Hydration of amino acid residues in proteins: what can we learn from data mining?

 

Lada Biedermannová, Bohdan Schneider

 

Laboratory of Biomolecular Recognition, Institute of Biotechnology, Academy of Sciences of the Czech Republic, v. v. i., Prague, Czech Republic

 

 

In structural biology, water has been for a long time considered a passive medium. Nevertheless, its complexity and importance for biological interactions has gradually been recognized in recent years. It is now accepted that water is a key determinant of protein structure, dynamics and function, and that water-protein interaction governs various processes, including protein folding, enzymatic catalysis, and molecular recognition. Water does not simply fill up the available space around proteins, but occupies specific sites and forms localized clusters, determined by its hydrogen bonding capabilities. Distribution of water around proteins was analyzed in several early studies of protein crystal structure, which revealed its preference for Glu, Asp and Arg side-chains and main-chain carbonyl group [1]. However, due to limited number of high resolution structures, hydration patterns could be investigated for only a few amino acids, such as serine and threonine, in these early studies. We therefore decided to make use of the immense growth of the Protein Data Bank (PDB) [2] in the recent years and perform a detailed analysis of hydration patterns for all 20 standard amino acids using high-resolution protein crystal structures.

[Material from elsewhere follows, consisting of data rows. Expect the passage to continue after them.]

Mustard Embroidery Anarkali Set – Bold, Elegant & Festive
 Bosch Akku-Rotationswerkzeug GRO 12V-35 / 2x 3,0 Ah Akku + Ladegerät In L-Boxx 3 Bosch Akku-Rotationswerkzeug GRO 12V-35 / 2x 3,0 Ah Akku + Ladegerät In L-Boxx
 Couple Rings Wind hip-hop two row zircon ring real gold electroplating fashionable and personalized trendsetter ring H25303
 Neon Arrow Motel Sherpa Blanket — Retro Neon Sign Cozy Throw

We used a set of 3845 PDB entries with resolution better than 1.8 Å, maximum R-factor value of 0.22 and mutual sequence identity of the chains of 50% or less. We checked the quality of all structures with Molprobity program and generated all the crystalograpic neighbours of the unit cell. The contacts of each amino acid residue with waters within 3.6 Angstroms were then detected. Residue conformations were clustered separately in each class defined by residue type, secondary structure (alpha helix/beta sheet) and chi1 rotameric state (g+/g-/t) using the quality threshold algorithm. The clusters of residues with the associated water molecules were then subjected to the method of density representation [3] in order to identify the most preferred location of water molecules. Briefly, a fourier transform technique was used to calculate structure factors from atom positions, and to convert them to electron densities. Water peaks were then detected and water positions, occpancies and B-factor refined using standard crystallographic procedures.

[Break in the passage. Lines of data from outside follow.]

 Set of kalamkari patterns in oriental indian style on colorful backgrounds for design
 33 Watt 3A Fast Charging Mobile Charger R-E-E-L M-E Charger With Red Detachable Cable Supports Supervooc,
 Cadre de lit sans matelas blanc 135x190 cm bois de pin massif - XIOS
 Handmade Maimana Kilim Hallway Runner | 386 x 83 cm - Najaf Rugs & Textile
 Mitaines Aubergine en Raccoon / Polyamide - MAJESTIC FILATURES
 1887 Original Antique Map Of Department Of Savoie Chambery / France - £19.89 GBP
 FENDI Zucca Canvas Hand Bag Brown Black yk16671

The result of our study is a detailed atlas of protein hydration, containig the most populated positions of waters around each residue type in various backbone and side chain conformational states. The analysis of high resolution crystallographic structures of proteins from the PDB database thus revealed the spatial distribution of the water molecules in the first hydration layer of proteins and to some extent also their dynamic properties, which can be estimated from their B-factors, a measure of atom’s vibrations. The hydrated amino acid rotamers obtainded from our study can be used in many areas of structural biology, from molecular replacement and crystalographic refinement, to the improvement of accuracy of ab initio protein structure prediction methods.

This work was supported by grant from BIOCEV – Biotechnology and Biomedicine Centre of Academy of Sciences and Charles University in Vestec, project supported from European Regional Development Fund.

[1] N. Thanki, J. M. Thornton, J. M. Goodfellow, J. Mol. Biol. 1988, 202, 637.

[2] H. M. Berman, J. Westbrook, Z. Feng, G. Gilliland, T. N. Bhat, H. Weissig, I. N. Shindyalov, P. E. Bourne, Nucleic Acids Res. 2000, 28, 235.

[3] B. Schneider, D. M. Cohen, L. Schleifer, A. R. Srinivasan, W. K. Olson, H. M. Berman, Biophys. J. 1993, 65, 2291.